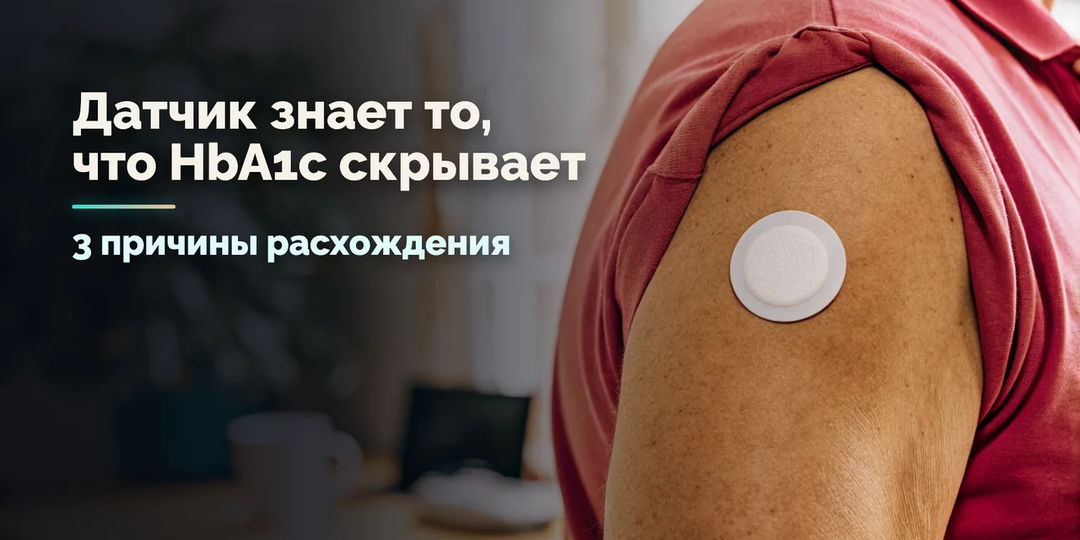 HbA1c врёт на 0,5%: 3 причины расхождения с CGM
==
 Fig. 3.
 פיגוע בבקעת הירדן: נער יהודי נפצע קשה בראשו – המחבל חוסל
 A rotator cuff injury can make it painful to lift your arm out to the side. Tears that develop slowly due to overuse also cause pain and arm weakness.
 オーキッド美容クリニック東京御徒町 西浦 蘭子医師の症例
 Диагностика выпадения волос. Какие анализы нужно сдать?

WHAT YOU WILL DO: Set down, from the entries above, exactly the lines from the one with "פיגוע בבקעת הירדן: נער" up to and including the one with "Диагностика выпадения волос.", and no other lines.

TASK RESPONSE:
 פיגוע בבקעת הירדן: נער יהודי נפצע קשה בראשו – המחבל חוסל
 A rotator cuff injury can make it painful to lift your arm out to the side. Tears that develop slowly due to overuse also cause pain and arm weakness.
 オーキッド美容クリニック東京御徒町 西浦 蘭子医師の症例
 Диагностика выпадения волос. Какие анализы нужно сдать?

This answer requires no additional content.